Il Cresme anticiperà al Saie i primi risultati di un approfondimento puntuale fatto sulla dimensione del rischio naturale a livello nazionale, a seguito della pubblicazione nel 2015-2016 dell’aggiornamento delle carte del rischio sismico e idrogeologico. “La quota più consistente di edifici esposti al rischio – spiega Bellicini - ha un uso prevalentemente residenziale, pari a 12,9 milioni di unità, mentre gli edifici per le attività produttive sono quasi 991mila, di cui 213mila in zona sismica 1 e 778mila in zona 2”. Ecco che secondo il Cresme, nei prossimi vent’anni il mercato della ristrutturazione sismica vale 300 miliardi di euro.

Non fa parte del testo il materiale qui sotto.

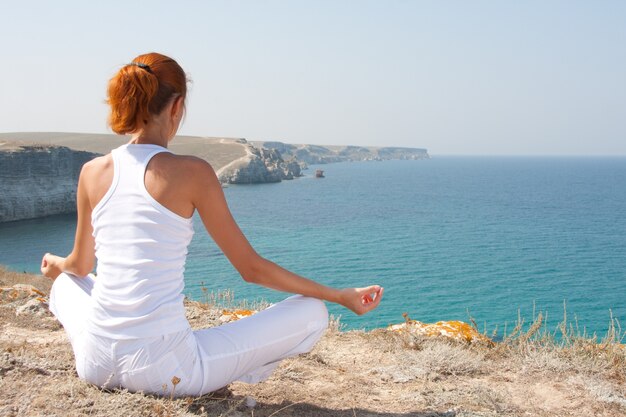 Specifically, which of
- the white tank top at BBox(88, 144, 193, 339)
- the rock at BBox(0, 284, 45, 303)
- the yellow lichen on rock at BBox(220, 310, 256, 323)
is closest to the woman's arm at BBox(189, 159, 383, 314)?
the white tank top at BBox(88, 144, 193, 339)

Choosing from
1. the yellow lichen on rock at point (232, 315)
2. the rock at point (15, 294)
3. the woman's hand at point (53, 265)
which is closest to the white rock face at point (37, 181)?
the rock at point (15, 294)

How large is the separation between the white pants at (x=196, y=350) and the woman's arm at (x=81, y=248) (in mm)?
124

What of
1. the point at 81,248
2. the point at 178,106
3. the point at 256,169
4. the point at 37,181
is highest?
the point at 178,106

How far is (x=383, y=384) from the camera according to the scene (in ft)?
12.7

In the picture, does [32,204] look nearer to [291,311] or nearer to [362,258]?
[362,258]

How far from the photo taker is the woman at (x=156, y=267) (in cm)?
241

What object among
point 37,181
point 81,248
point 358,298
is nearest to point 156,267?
point 81,248

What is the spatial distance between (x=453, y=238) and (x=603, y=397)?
39591 mm

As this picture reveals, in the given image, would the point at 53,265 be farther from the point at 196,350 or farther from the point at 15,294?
the point at 15,294

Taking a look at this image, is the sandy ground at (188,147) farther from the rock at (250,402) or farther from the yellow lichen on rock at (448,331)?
→ the rock at (250,402)

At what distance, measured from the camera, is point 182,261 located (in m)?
2.51

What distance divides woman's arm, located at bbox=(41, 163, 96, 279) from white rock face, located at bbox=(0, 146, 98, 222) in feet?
170

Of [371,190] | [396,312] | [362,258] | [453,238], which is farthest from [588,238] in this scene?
[371,190]

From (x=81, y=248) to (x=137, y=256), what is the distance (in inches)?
26.7
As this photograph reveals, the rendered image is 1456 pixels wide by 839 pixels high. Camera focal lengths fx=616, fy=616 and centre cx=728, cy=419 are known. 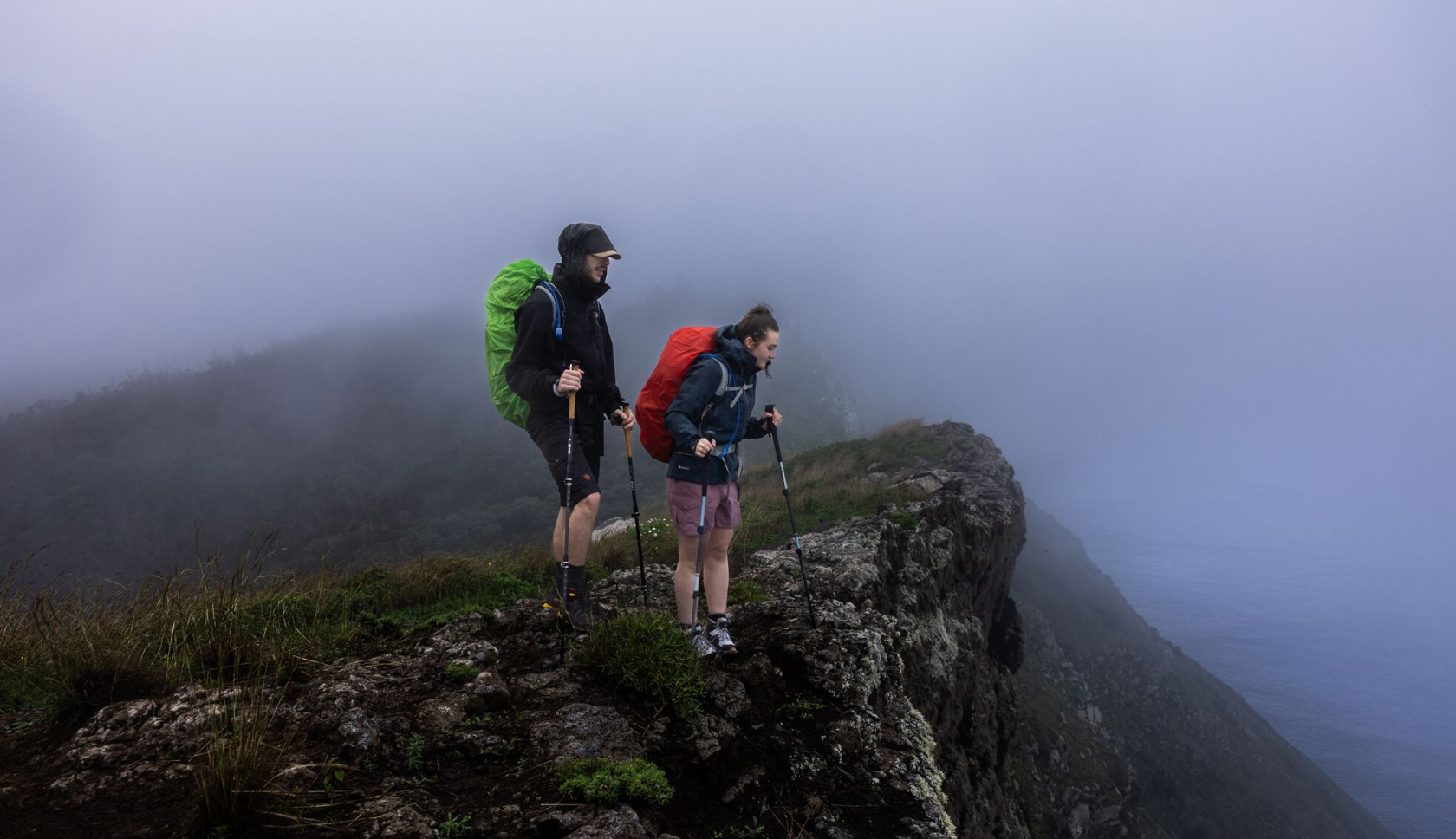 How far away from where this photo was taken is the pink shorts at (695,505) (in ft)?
16.9

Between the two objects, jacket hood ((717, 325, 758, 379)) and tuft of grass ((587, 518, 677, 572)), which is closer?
jacket hood ((717, 325, 758, 379))

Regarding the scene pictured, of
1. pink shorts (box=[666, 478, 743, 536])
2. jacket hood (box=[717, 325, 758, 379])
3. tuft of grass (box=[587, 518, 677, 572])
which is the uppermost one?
jacket hood (box=[717, 325, 758, 379])

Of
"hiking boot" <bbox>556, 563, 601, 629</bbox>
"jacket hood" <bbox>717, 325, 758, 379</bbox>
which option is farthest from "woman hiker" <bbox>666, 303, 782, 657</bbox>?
"hiking boot" <bbox>556, 563, 601, 629</bbox>

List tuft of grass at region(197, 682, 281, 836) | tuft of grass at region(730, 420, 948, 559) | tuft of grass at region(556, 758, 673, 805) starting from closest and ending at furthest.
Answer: tuft of grass at region(197, 682, 281, 836) < tuft of grass at region(556, 758, 673, 805) < tuft of grass at region(730, 420, 948, 559)

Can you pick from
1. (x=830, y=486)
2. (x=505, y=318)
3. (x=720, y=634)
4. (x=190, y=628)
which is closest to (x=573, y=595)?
(x=720, y=634)

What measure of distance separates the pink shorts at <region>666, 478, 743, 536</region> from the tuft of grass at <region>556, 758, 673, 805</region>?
187 centimetres

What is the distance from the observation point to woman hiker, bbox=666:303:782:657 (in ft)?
16.7

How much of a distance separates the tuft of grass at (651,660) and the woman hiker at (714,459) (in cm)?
54

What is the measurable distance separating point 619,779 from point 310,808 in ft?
4.94

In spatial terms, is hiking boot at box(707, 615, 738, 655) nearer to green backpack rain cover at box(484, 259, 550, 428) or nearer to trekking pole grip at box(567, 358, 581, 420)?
trekking pole grip at box(567, 358, 581, 420)

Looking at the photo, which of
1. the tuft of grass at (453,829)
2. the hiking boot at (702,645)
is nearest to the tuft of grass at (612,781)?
the tuft of grass at (453,829)

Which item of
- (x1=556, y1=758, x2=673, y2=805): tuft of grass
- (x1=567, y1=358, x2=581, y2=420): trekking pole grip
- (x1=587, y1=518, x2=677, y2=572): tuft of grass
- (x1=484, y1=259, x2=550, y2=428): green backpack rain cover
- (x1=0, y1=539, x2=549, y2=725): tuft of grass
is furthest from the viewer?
(x1=587, y1=518, x2=677, y2=572): tuft of grass

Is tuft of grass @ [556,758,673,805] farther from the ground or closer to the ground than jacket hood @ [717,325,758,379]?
closer to the ground

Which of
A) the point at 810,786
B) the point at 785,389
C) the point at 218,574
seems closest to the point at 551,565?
the point at 218,574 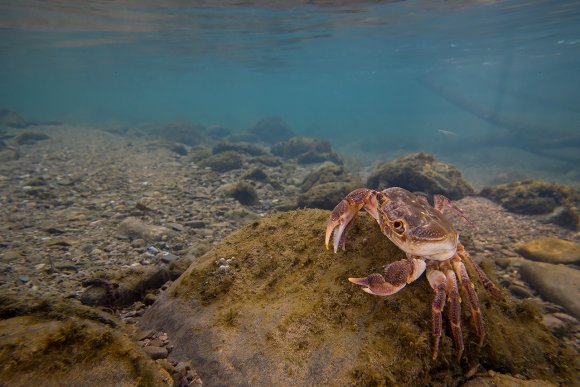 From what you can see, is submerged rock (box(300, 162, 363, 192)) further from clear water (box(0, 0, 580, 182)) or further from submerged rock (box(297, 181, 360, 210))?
clear water (box(0, 0, 580, 182))

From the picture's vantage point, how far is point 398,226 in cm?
303

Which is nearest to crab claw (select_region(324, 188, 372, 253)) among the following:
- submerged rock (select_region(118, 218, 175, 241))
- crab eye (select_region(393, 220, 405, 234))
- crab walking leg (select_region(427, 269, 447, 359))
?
crab eye (select_region(393, 220, 405, 234))

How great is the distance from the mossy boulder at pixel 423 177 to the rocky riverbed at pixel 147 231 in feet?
2.51

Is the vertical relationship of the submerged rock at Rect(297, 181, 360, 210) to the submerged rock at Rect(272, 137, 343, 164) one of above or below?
above

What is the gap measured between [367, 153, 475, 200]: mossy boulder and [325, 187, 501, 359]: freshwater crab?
895cm

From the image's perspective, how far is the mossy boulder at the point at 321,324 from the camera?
263 cm

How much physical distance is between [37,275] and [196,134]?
31.7 m

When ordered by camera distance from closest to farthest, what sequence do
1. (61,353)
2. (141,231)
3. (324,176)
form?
(61,353), (141,231), (324,176)

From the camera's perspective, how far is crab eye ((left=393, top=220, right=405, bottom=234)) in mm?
2973

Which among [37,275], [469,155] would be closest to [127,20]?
[37,275]

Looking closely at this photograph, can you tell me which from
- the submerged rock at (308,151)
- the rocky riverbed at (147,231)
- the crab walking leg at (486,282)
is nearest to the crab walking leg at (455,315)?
the crab walking leg at (486,282)

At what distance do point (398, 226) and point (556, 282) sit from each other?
530cm

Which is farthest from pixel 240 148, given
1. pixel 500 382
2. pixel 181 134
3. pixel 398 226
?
pixel 500 382

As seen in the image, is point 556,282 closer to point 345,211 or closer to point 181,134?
point 345,211
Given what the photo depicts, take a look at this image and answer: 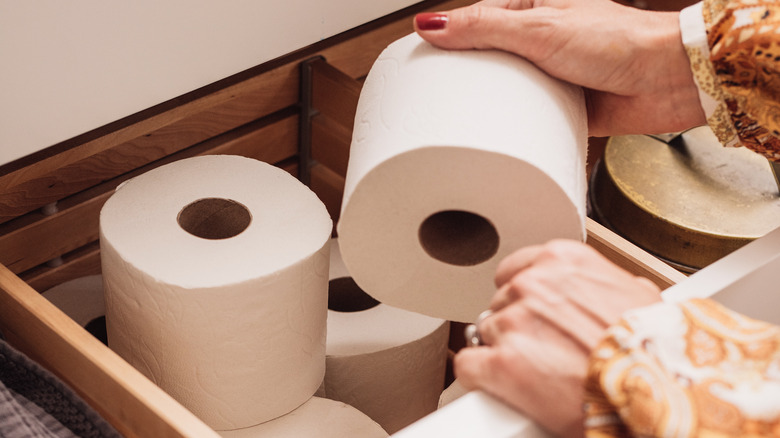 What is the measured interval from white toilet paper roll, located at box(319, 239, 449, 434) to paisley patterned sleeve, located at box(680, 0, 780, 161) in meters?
0.34

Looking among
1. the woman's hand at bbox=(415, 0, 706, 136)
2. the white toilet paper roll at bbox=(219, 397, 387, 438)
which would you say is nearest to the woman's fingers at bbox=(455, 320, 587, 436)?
the woman's hand at bbox=(415, 0, 706, 136)

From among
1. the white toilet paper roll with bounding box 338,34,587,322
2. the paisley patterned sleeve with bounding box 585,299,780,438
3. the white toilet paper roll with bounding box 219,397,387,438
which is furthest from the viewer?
the white toilet paper roll with bounding box 219,397,387,438

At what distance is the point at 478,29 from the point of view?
50 centimetres

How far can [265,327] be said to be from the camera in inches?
23.7

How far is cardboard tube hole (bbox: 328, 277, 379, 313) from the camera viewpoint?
0.86 metres

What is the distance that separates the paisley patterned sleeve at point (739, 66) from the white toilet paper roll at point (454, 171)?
3.5 inches

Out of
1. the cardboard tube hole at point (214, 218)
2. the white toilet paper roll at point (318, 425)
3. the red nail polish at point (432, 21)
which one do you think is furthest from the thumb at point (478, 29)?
the white toilet paper roll at point (318, 425)

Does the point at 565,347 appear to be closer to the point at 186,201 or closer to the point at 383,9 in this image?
the point at 186,201

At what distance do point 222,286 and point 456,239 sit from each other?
0.53 feet

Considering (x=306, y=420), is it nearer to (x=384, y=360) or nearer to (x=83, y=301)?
(x=384, y=360)

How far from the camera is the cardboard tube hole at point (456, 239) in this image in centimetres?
53

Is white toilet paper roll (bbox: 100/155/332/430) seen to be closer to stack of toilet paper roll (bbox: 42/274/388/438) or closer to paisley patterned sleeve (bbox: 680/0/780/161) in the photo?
stack of toilet paper roll (bbox: 42/274/388/438)

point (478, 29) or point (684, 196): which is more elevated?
point (478, 29)

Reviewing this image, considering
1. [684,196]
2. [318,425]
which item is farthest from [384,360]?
[684,196] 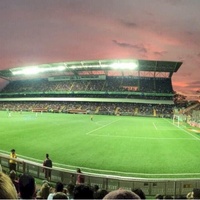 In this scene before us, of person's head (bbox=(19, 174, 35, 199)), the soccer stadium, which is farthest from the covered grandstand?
person's head (bbox=(19, 174, 35, 199))

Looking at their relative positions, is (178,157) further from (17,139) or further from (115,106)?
(115,106)

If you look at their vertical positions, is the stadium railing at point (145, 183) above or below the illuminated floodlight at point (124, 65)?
below

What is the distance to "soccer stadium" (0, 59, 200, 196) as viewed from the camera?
17.3 metres

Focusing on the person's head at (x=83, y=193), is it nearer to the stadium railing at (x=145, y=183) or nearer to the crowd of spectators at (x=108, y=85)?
the stadium railing at (x=145, y=183)

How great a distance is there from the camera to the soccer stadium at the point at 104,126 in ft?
56.8

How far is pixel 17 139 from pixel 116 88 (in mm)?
74802

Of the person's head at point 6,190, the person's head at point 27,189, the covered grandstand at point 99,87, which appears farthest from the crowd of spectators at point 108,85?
the person's head at point 6,190

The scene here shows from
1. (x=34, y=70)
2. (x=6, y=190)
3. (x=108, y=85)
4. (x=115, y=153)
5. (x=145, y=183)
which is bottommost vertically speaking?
(x=145, y=183)

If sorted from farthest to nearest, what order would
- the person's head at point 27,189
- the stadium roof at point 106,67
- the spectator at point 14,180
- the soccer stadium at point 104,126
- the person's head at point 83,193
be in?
the stadium roof at point 106,67
the soccer stadium at point 104,126
the spectator at point 14,180
the person's head at point 27,189
the person's head at point 83,193

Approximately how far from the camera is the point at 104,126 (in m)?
45.7

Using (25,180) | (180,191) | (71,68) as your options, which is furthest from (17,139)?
(71,68)

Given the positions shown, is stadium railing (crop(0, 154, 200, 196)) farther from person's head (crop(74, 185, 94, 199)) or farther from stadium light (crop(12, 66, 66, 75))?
stadium light (crop(12, 66, 66, 75))

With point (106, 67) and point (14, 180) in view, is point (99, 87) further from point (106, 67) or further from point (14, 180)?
point (14, 180)

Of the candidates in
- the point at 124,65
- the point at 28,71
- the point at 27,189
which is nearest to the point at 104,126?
the point at 27,189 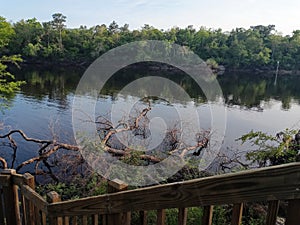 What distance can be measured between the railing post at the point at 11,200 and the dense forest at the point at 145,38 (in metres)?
40.2

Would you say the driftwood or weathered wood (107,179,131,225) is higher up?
weathered wood (107,179,131,225)

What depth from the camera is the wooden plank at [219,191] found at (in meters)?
0.78

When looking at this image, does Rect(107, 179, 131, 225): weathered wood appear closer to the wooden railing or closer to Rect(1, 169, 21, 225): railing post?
the wooden railing

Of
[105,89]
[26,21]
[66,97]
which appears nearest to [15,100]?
[66,97]

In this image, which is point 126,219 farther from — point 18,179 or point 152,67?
point 152,67

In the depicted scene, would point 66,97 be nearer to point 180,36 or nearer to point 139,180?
point 139,180

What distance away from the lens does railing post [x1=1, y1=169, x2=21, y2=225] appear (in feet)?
6.78

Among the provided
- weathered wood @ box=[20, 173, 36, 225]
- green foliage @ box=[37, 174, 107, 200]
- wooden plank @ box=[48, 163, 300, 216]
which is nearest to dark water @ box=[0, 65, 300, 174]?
green foliage @ box=[37, 174, 107, 200]

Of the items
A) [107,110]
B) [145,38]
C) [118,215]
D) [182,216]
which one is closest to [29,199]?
[118,215]

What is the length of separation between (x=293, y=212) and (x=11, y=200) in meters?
2.01

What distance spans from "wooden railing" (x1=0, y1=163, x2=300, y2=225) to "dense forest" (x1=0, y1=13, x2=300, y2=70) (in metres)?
40.9

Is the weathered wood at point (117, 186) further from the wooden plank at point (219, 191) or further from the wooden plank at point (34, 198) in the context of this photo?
the wooden plank at point (34, 198)

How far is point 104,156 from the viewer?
7059 millimetres

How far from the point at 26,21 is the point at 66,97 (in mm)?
31548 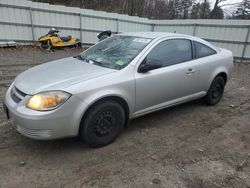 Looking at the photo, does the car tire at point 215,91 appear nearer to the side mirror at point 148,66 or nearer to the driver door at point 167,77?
the driver door at point 167,77

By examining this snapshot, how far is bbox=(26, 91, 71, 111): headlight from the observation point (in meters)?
2.48

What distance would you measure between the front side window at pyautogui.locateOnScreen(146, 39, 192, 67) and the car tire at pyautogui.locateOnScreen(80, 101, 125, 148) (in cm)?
101

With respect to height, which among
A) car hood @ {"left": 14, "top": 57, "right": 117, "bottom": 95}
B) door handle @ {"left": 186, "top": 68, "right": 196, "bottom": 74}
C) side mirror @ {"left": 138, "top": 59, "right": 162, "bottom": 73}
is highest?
side mirror @ {"left": 138, "top": 59, "right": 162, "bottom": 73}

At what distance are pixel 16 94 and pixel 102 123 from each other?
119 centimetres

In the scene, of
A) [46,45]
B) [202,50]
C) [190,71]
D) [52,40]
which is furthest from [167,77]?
[46,45]

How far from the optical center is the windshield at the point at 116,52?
3251 mm

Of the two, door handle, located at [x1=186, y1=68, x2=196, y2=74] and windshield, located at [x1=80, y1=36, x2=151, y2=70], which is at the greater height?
windshield, located at [x1=80, y1=36, x2=151, y2=70]

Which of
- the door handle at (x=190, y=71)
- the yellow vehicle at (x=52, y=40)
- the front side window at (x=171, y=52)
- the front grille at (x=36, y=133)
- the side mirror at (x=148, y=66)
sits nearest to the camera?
the front grille at (x=36, y=133)

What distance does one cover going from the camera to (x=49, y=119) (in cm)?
247

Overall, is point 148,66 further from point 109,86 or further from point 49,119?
point 49,119

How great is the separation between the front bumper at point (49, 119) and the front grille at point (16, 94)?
61mm

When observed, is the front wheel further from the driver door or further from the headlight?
the headlight

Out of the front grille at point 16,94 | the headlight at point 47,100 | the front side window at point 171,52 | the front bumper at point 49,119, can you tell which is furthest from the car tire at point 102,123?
the front side window at point 171,52

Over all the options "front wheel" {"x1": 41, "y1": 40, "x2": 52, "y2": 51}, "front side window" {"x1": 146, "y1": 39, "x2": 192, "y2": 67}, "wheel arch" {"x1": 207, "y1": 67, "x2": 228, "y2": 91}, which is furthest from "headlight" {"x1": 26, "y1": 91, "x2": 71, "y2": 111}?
"front wheel" {"x1": 41, "y1": 40, "x2": 52, "y2": 51} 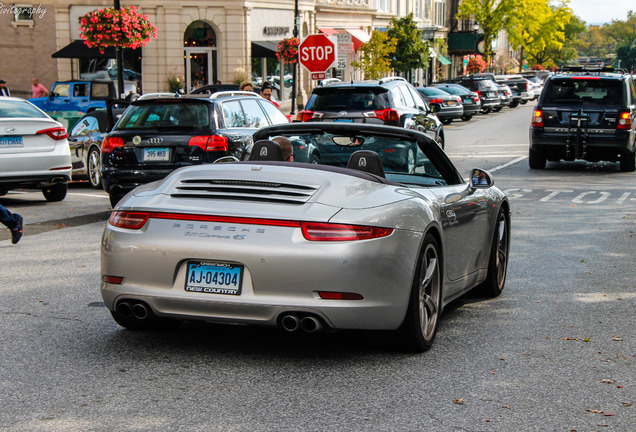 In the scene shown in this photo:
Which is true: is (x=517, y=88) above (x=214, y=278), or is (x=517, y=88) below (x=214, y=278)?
below

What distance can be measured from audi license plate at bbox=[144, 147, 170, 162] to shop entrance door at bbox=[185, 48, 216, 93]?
99.9 feet

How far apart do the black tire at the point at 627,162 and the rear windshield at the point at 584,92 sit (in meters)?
1.08

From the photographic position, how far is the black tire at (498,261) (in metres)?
7.71

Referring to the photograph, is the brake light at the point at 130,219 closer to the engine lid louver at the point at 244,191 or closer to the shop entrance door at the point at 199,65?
the engine lid louver at the point at 244,191

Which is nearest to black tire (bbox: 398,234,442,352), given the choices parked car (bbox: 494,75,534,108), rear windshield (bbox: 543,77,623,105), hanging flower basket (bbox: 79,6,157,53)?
rear windshield (bbox: 543,77,623,105)

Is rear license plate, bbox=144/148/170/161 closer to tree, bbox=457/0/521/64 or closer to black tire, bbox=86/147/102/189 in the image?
black tire, bbox=86/147/102/189

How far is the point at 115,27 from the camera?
2562 centimetres

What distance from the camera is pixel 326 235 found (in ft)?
17.7

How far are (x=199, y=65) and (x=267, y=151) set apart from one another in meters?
36.9

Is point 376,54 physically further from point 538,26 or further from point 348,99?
point 538,26

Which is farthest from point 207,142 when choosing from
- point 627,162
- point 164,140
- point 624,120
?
point 627,162

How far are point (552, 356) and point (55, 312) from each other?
3.47 metres

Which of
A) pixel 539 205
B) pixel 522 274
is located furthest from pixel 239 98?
pixel 522 274

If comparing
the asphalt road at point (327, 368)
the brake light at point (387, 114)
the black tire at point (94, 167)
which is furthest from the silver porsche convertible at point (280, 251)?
the brake light at point (387, 114) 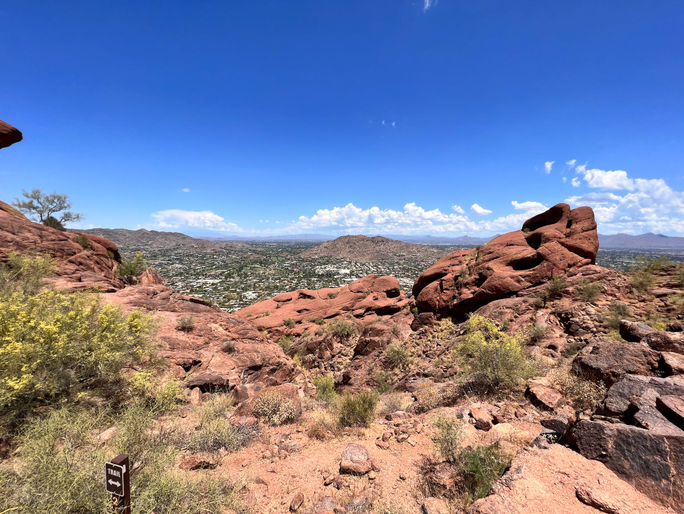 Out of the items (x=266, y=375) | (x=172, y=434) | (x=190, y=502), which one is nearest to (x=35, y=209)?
(x=266, y=375)

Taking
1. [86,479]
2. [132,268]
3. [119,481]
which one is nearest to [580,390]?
[119,481]

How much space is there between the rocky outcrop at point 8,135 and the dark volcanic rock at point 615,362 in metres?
34.6

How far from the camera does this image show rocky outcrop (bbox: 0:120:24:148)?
749 inches

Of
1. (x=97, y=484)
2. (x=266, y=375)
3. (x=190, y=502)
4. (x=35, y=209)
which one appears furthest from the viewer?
(x=35, y=209)

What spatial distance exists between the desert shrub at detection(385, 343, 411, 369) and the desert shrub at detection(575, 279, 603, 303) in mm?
8119

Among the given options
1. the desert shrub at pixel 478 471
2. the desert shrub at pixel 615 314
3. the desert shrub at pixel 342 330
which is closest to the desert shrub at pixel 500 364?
the desert shrub at pixel 478 471

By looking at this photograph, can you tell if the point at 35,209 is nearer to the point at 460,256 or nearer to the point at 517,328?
the point at 460,256

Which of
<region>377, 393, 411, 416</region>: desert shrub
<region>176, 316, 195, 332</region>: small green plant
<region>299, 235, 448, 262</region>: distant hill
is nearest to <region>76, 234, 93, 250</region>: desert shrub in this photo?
<region>176, 316, 195, 332</region>: small green plant

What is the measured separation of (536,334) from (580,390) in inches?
201

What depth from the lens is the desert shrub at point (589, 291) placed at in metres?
11.2

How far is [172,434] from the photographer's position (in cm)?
559

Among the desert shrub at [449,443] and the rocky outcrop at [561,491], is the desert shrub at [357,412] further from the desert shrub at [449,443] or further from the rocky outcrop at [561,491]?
the rocky outcrop at [561,491]

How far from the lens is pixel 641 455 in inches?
138

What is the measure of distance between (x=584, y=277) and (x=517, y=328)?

Il rischio potenziale per le strutture edilizie è elevato. “Oltre il 56% degli edifici residenziali esistenti nelle zone sismiche 1 e 2 è stato realizzato prima del 1970: si tratta dunque di un patrimonio che non prevede l’utilizzo di tecniche costruttive antisismiche. Soltanto il 5% degli edifici in zona a rischio elevato – spiega il Cresme - è stato realizzato negli anni 2000, quando le norme tecniche hanno imposto criteri molto più restrittivi che in passato”. Si consideri anche che oltre il 55% degli edifici esistenti nelle aree ad elevato rischio sono realizzati con muratura portante e soltanto il 33% con strutture il calcestruzzo armato.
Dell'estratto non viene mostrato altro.